Viola ground her molars and stepped forward again.

“She is a quick learner,” Mr. Yale murmured.

“She always was,” Serena replied.

“It is impressive.”

“Truly.”

Viola whistled. “I’m still here.”

“And young ladies must never press themselves into a conversation into which they have not been invited. Or whistle.”

“Young ladies sound like no fun at all.”

“Most of them aren’t.”

Viola made her way back to her chair in mincing steps. With a great sigh she threw herself down into it, scooped up a pastry from the tea tray, and popped it into her mouth, then chewed contentedly. At least the rewards for her hard work were delicious.

After a bit, it seemed very quiet in the parlor. She looked up. Mr. Yale and Serena were both looking at the spray of sugar across the lap of her pretty green gown.

“Oh, bother.”

The next lesson had to do with cutlery, the lesson following that with taking a gentleman’s arm, and the lesson after that with her speech.

“I know I’ve got an American accent. A little. But I don’t see what’s so bad about that,” Viola said, clutching her bonnet to her head as the sea breeze whipped across the coastal road. The sight of two horses’ rear ends so close in front of her was still a little unnerving, but Mr. Yale handled the ribbons with ease and Serena seemed comfortable. Both had said she must become accustomed to riding in this sort of vehicle.

“Your accent is charming, Miss Carlyle.”

“Then what’s wrong with the way I speak?”

“You must curtail your use of contractions.” He always gave instruction like this, with masculine grace, whether he was sober or inebriated. He had not yet been drinking today but would probably as soon as they returned from their drive. It never seemed to affect his manner with her, though, which remained openly admiring and entirely unthreatening. Why she imagined he should feel threatening, she hadn’t a very clear idea, except that he was an actual gentleman and she had not known one since she was a girl. And he was quite attractive.
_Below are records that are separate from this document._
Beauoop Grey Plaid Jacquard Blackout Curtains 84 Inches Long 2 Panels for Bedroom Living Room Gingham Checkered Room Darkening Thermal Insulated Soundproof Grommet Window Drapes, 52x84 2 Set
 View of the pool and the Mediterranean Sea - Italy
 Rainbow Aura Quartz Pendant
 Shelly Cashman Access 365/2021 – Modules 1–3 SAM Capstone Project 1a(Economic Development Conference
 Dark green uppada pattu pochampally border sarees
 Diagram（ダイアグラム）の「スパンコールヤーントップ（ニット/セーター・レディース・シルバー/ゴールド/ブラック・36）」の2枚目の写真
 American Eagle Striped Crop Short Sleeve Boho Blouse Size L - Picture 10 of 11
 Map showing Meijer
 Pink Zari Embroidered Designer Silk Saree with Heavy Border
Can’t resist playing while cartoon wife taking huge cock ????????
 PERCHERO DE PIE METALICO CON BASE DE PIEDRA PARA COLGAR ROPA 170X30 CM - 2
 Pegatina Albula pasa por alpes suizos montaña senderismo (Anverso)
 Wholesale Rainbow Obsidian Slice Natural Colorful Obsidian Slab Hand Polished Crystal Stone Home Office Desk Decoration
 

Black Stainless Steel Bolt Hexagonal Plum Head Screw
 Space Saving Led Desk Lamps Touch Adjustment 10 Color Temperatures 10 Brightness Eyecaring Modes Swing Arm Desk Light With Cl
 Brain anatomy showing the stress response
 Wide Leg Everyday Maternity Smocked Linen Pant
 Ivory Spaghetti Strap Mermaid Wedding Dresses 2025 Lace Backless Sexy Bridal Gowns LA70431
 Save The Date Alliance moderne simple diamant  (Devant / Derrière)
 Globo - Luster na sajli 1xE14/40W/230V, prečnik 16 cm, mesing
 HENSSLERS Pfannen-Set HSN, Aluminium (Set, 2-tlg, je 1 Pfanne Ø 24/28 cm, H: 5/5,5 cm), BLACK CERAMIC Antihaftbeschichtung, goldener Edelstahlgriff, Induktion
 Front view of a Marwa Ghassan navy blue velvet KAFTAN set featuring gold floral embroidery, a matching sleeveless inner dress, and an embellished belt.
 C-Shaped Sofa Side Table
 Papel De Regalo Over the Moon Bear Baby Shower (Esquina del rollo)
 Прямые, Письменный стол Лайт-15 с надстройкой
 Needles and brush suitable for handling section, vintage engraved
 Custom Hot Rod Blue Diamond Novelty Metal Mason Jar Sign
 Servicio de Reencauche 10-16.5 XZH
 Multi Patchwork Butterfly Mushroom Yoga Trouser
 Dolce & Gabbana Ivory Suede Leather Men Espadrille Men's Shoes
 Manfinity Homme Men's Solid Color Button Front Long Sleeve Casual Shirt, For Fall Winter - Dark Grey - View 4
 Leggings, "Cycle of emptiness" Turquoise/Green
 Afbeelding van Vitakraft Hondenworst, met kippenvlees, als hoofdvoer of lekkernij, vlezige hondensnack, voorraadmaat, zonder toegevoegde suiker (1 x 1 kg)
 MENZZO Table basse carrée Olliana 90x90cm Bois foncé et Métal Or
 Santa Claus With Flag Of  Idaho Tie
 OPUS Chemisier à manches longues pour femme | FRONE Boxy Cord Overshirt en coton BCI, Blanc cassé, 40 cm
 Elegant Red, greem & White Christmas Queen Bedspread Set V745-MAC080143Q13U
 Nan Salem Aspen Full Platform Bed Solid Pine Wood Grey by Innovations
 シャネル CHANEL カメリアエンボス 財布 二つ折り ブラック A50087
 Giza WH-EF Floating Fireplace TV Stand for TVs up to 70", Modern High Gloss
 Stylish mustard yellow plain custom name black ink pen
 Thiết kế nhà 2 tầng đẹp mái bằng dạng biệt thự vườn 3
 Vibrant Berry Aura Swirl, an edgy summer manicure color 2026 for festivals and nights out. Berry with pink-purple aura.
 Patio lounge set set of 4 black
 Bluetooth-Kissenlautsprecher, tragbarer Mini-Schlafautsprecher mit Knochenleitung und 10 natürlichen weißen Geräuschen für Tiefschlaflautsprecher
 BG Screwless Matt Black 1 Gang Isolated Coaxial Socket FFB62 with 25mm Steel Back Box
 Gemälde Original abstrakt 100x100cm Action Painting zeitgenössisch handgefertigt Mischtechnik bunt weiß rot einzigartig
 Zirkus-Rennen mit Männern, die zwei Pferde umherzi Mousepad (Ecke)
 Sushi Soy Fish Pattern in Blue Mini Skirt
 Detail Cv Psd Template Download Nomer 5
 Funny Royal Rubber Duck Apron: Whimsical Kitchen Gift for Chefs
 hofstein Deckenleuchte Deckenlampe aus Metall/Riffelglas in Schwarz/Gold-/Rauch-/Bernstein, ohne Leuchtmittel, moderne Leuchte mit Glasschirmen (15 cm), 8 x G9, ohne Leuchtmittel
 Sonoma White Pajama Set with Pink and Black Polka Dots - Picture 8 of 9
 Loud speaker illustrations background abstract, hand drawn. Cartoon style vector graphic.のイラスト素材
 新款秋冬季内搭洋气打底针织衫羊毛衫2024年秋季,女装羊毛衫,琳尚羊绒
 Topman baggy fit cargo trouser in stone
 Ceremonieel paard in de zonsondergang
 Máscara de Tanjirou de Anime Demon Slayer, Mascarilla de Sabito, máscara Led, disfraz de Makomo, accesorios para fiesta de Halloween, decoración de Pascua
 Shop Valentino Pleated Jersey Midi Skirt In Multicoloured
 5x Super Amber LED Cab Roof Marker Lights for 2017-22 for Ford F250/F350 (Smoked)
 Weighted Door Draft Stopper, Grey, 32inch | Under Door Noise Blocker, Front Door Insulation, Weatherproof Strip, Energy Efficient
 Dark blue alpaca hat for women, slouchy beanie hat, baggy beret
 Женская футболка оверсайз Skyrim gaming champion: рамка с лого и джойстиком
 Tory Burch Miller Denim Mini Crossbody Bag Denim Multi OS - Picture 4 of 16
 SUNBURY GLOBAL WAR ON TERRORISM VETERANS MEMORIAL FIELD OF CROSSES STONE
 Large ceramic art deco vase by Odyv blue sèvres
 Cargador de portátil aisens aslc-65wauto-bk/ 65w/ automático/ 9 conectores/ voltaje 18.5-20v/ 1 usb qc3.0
“What’s wrong with contractions?”

“Not a thing,” he replied readily. “If you wish to appear very fashionable and somewhat fast, you may employ them.”

“Fast?”

He lifted a single brow.

“Oh. I don’t suppose I do. Do I?”

“Definitely not,” Serena stated.

Lessons in comportment were interspersed with visits to the nursery to coo and tickle her niece’s tiny fingers and toes, as well as periods of torture visited upon her by Jane and her sister’s haughty maid, whom Serena insisted was quite nice once one got to know her. But since on one occasion she plucked viciously at Viola’s eyebrows until her head ached, on another she commanded the maids to scrub the soles of her feet and elbows and palms with pumice until raw, and on a third submitted her to the sheer boredom of having her nails cut, cleaned, and buffed as though she weren’t capable of grooming herself, Viola had no very high opinion of the woman. When the maid suggested to her mistress that her hair be cut short to suit present fashion, Viola finally balked.

“My hair stays. When the wind is high, it must be long enough to tie back in a queue.”

Serena stroked her fingertips through Viola’s thick waves. “It is perfect as is.”

When Viola mastered the proper use of forks, spoons, and knives, and the task of pouring out tea, she felt ready to move on to more challenging tasks. Her optimism proved overly ambitious.

“My hands aren’t made for this.” Her fingers, raw from the scrubbing, slipped on the paintbrush. A smear of blue watercolor decorated the paper on the easel before her.

“Are not suited,” Mr. Yale corrected. “Your hands are not suited to this. But in any case ladies must never speak of their hands.”

“Why not?”

“Because it gives gentlemen ideas they ought not to entertain in company.”

Serena’s eyes popped wide. Viola grinned.

Mr. Yale looked between them, his brows innocently raised. “I understood we were being frank in the service of Miss Carlyle’s education.”

“We are. But Wyn, really.”

“My lady, given that your husband was once one of the greatest libertines to grace London drawing rooms, I wonder at your squeamishness.”